Die Klägerin wendet sich mit ihrer Beschwerde gegen die Nichtzulassung der Revision im LSG-Beschluss.
II
Die Beschwerde ist unzulässig und daher gemäß § 160a Abs 4 Satz 1 Halbsatz 2 iVm § 169 Satz 3 SGG zu verwerfen. Ihre Begründung entspricht nicht den aus § 160a Abs 2 Satz 3 SGG abzuleitenden Anforderungen an die Darlegung der (sinngemäß) geltend gemachten Revisionszulassungsgründe der grundsätzlichen Bedeutung (dazu 1.) und des Verfahrensmangels (dazu 2.). Insofern kann dahingestellt bleiben, ob der Klägerin wegen der Versäumung der Beschwerdebegründungsfrist Wiedereinsetzung in den vorigen Stand zu gewähren ist.
1. Wer sich auf den Zulassungsgrund der grundsätzlichen Bedeutung der Rechtssache beruft, muss eine Rechtsfrage klar formulieren und ausführen, inwiefern diese Frage im angestrebten Revisionsverfahren klärungsfähig (entscheidungserheblich) sowie klärungsbedürftig und über den Einzelfall hinaus von Bedeutung ist (vgl zB BSG vom 17.4.2012 - B 13 R 347/11 B - SozR 4-2600 § 72 Nr 5 RdNr 17 mwN; zur verfassungsrechtlichen Unbedenklichkeit dieses Maßstabs BVerfG vom 14.4.2010 - 1 BvR 2856/07 - SozR 4-1500 § 160a Nr 24 RdNr 5 ff mwN). Dem wird das Beschwerdevorbringen nicht gerecht.

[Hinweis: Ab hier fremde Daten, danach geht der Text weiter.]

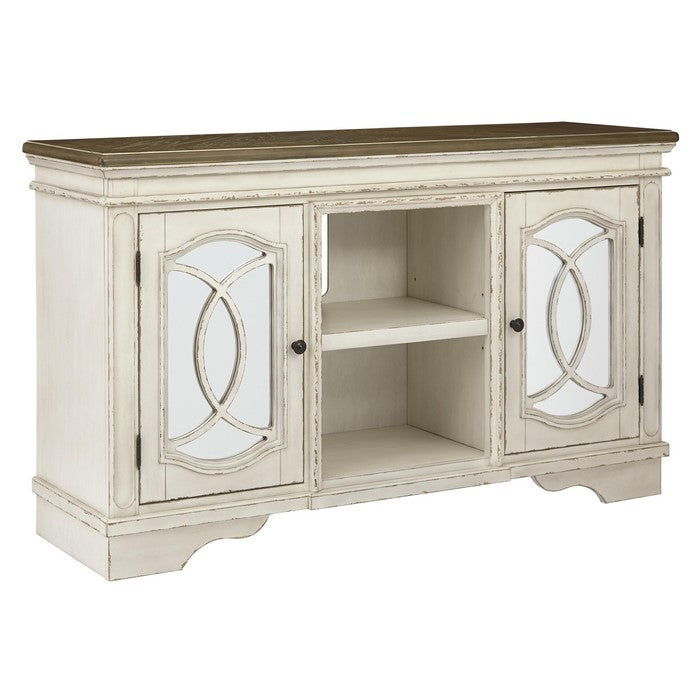 2 Cabinet Wooden TV Stand with Adjustable Shelves, Large, White and Brown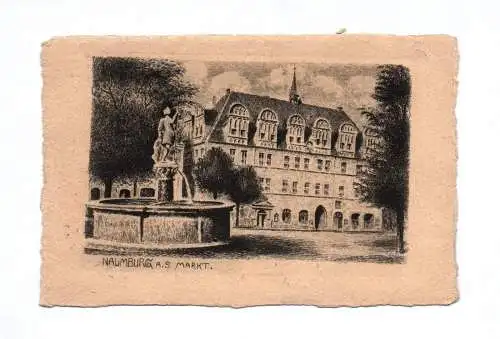 Künstler Ak Naumburg Markt Original Radierung Kupferdruck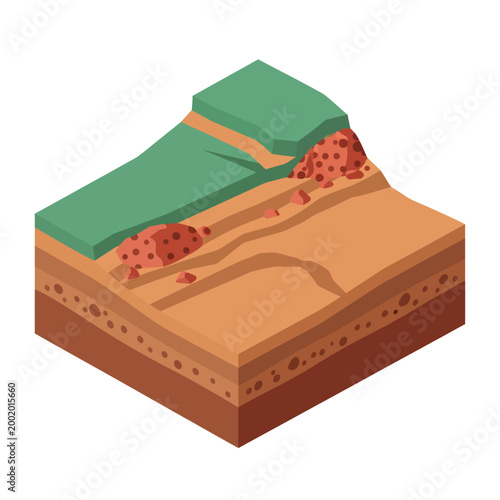 Geological rock formation with fault lines.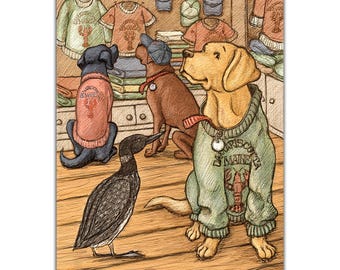 Yellow Labrador Retriever, Chocolate Labrador Retriever, Black Labrador Retriever and Loon shop in Midcoast Maine village of Damariscotta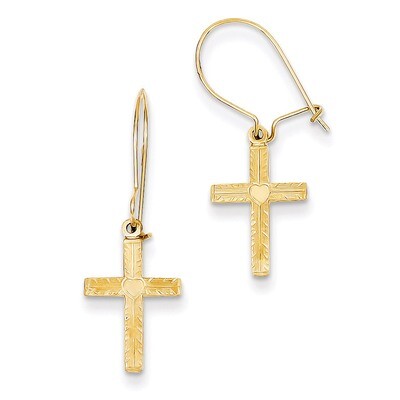 Satin Cross Earrings 14k Gold Polished REL182, MPN: REL182, 886774285153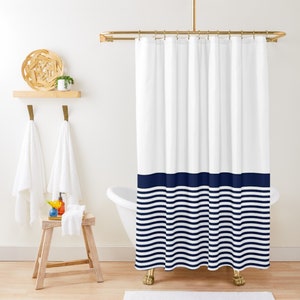 Minimalist Blue Shower Curtain, Beach House Shower Curtain, Simple ...
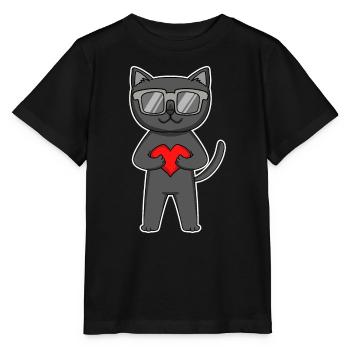Chat Bombay avec lunettes de soleil et cœur - T-shirt bio MINI CREATOR Stanley/Stella Enfant - noir - Devant - Mikhail (115cm)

Die Klägerin wirft sinngemäß die Rechtsfrage auf, ob die Regelung in § 27a Abs 3 Satz 1 Halbsatz 2 SGB V, wonach der Anspruch auf medizinische Maßnahmen zur Herbeiführung einer Schwangerschaft nicht für weibliche Versicherte besteht, die das 40. Lebensjahr vollendet haben, verfassungsgemäß ist.
Der Frage der Verfassungsmäßigkeit oder Verfassungswidrigkeit einer gesetzlichen Vorschrift kann zwar grundsätzliche Bedeutung zukommen (vgl BSG vom 22.10.1975 - 8 BU 88/75 - SozR 1500 § 160a Nr 17). Dabei kommt es aber nicht auf den Bedarf nach Klärung durch das BVerfG an, sondern entscheidend ist die Frage nach der Klärungsbedürftigkeit und -fähigkeit innerhalb des Revisionsverfahrens (vgl BSG vom 31.5.2012 - B 13 R 70/12 B - juris RdNr 9 mwN). Diese hat die Klägerin nicht hinreichend dargelegt.
a) Eine Rechtsfrage ist dann nicht klärungsbedürftig, wenn sie bereits höchstrichterlich entschieden ist. Die Beschwerdebegründung hat deshalb auszuführen, inwiefern die Rechtsfrage nach dem Stand von Rechtsprechung und Lehre nicht ohne Weiteres zu beantworten ist, und den Schritt darzustellen, den das Revisionsgericht zur Klärung der Rechtsfrage im allgemeinen Interesse vornehmen soll (vgl BSG vom 22.2.2017 - B 1 KR 73/16 B - juris RdNr 8 mwN; vgl zur verfassungsrechtlichen Unbedenklichkeit eines entsprechenden Maßstabs BVerfG vom 12.9.1991 - 1 BvR 765/91 - SozR 3-1500 § 160a Nr 6 S 10 f = juris RdNr 4). Daran fehlt es.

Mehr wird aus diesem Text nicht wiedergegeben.